Bapties failed to appear at the hearing, although he tried. Even if he had been on time, however, he would not have been allowed to represent SRM. Montana Local Bankruptcy Rule 1074-1 requires that corporations "shall be represented in Court proceedings by an attorney." SRM is a corporation, and its Hamilton manager Bapties is not an attorney so he would not have been allowed to appear for SRM.
A basic maxim of equity provides: "The law aids the vigilant before those who sleep on their rights." MONT. CODE ANN. § 1-3-218. SRM was mailed notice of Debtor's bankruptcy filing, notice of the deadline for filing proofs of claim, notice of the Debtor's modified Plan's treatment of its secured claim, and notice of the hearing on confirmation and its objection. Instead of retaining an attorney as required by Mont. LBR 1074-1, SRM ignored the claims deadline and dispatched a non-attorney to prosecute its objection to Debtor's modified Plan.
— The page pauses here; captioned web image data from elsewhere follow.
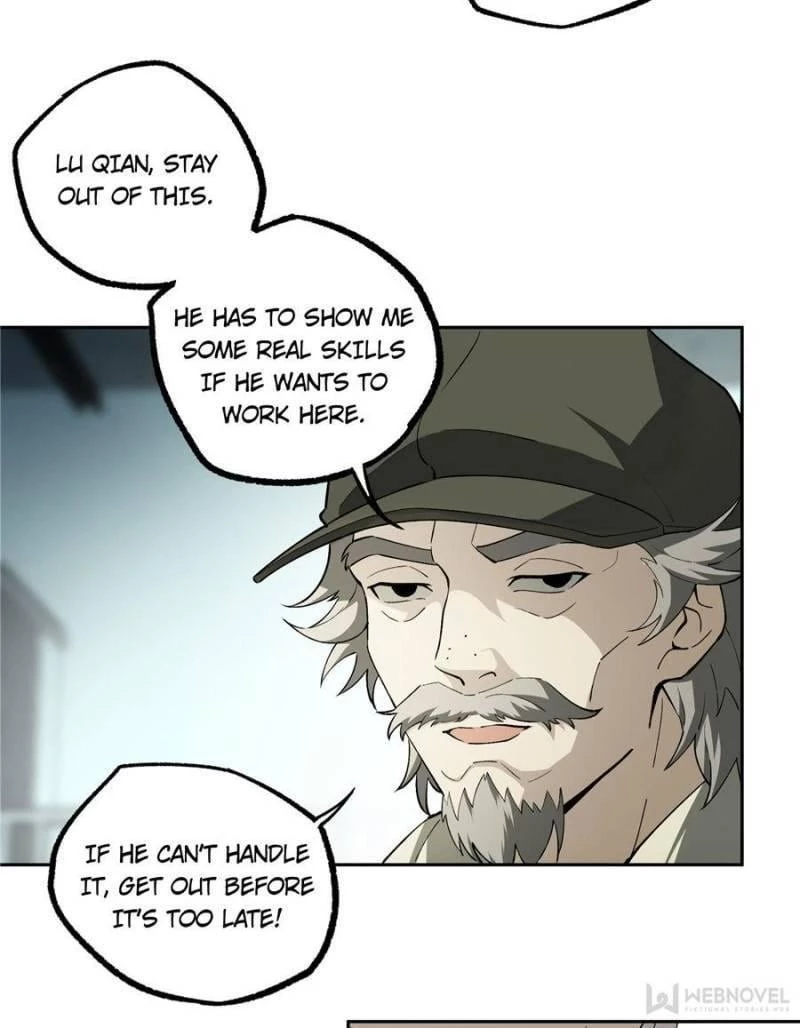 The Legendary Mechanic Chapter 17 - 9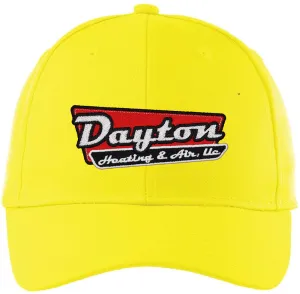 Port Authority Solid Enhanced Visibility Cap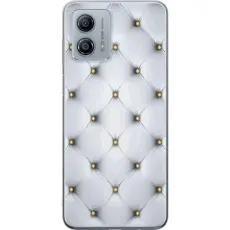 Gustaf - Mobilskal till Motorola Moto G53 med Fancy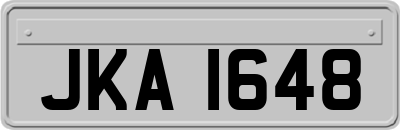 JKA1648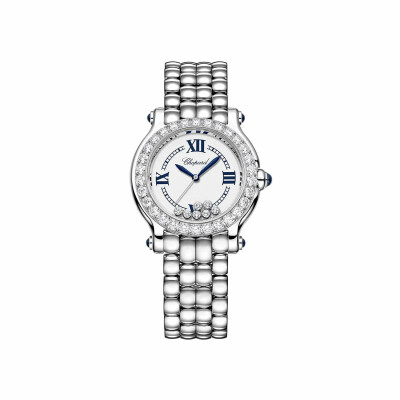 Chopard Happy Sport The First 278640-3002 watch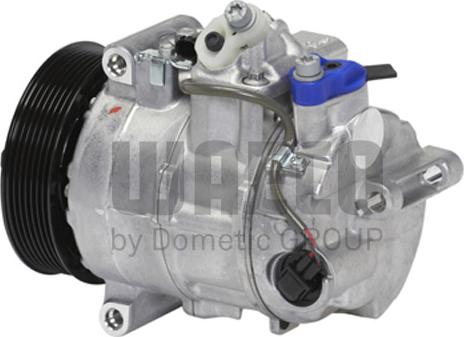 Waeco 8880120294 - Compressor, air conditioning autospares.lv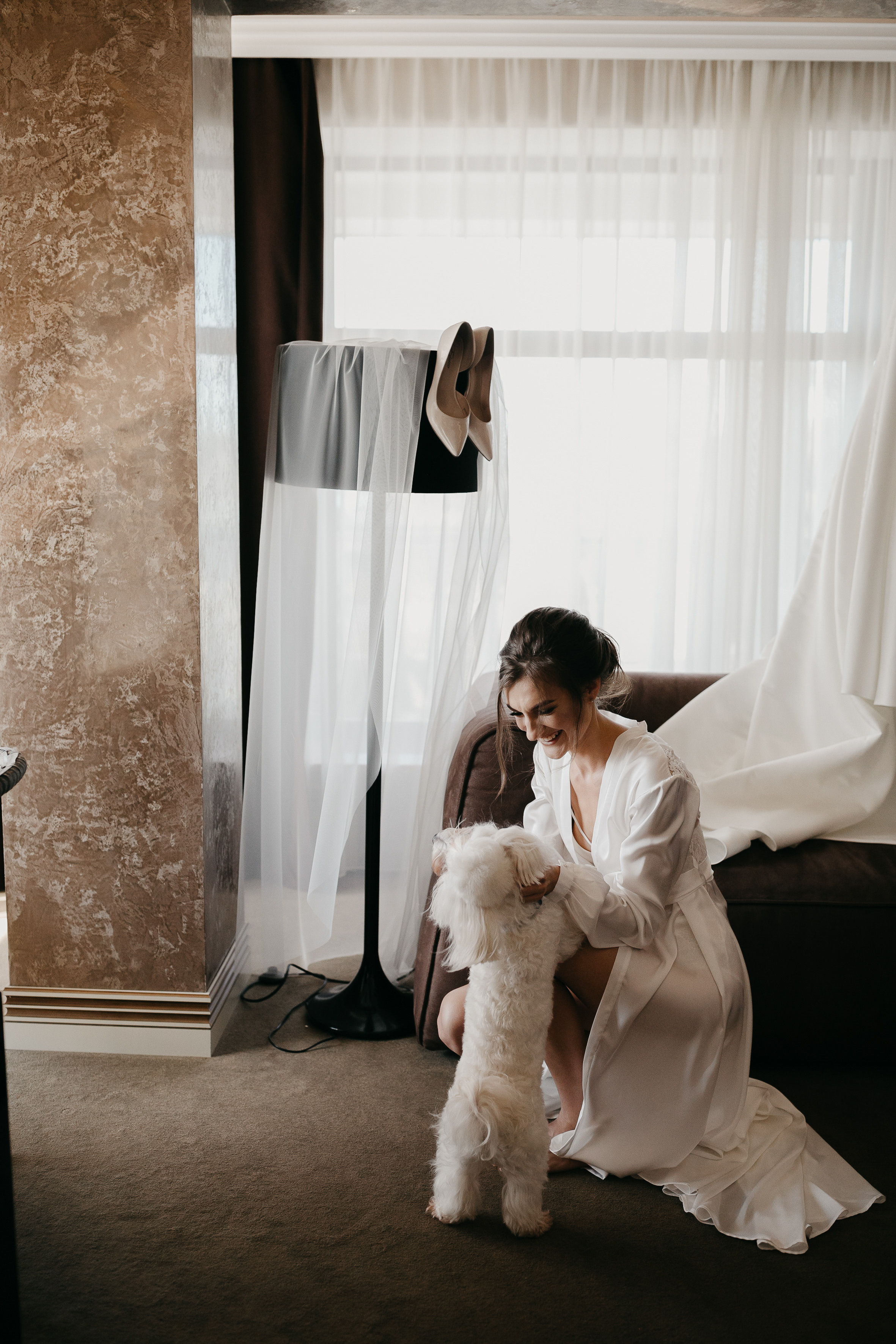 Юля &Констянтин. Головна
SRM has not acted diligently to protect its rights, and cannot expect equitable relief. Because SRM received actual notice of the filing and contents of Debtor's modified Plan, which it acknowledged by filing its objection, this more than satisfied SRM's due process rights. See Blendheim, 803 F.3d at 498, quoting Espinosa, 559 U.S. at 272, quoting Mullane, 339 U.S. at 314.
IT IS ORDERED a separate Order shall be entered sustaining the Debtor's objection and denying the Chapter 13 Trustee's motion for order vacating order confirming Chapter 13 Plan (Doc. 59).